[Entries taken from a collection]
□ □ □ □

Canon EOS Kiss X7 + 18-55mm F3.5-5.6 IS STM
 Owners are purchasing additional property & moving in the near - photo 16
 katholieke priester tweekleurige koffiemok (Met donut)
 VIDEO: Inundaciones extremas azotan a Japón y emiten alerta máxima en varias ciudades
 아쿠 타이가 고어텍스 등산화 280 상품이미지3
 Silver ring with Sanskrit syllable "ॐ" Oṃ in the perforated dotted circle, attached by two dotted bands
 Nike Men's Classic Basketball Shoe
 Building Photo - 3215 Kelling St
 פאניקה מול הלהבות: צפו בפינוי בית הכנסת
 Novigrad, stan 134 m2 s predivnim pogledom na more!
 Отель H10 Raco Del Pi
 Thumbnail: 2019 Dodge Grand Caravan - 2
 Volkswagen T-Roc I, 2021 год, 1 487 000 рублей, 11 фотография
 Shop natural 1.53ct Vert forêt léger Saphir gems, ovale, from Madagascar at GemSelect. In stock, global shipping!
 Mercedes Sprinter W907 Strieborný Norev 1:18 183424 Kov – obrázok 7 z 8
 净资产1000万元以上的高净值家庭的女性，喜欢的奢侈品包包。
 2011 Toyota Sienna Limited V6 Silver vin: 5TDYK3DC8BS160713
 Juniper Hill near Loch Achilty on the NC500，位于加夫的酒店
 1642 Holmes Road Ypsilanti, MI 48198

□ □ □ □

** Action item **
Only lines containing the string "Silver" are needed. Pull each of them out of the records above.

** Solution to the problem **
 Silver ring with Sanskrit syllable "ॐ" Oṃ in the perforated dotted circle, attached by two dotted bands
 2011 Toyota Sienna Limited V6 Silver vin: 5TDYK3DC8BS160713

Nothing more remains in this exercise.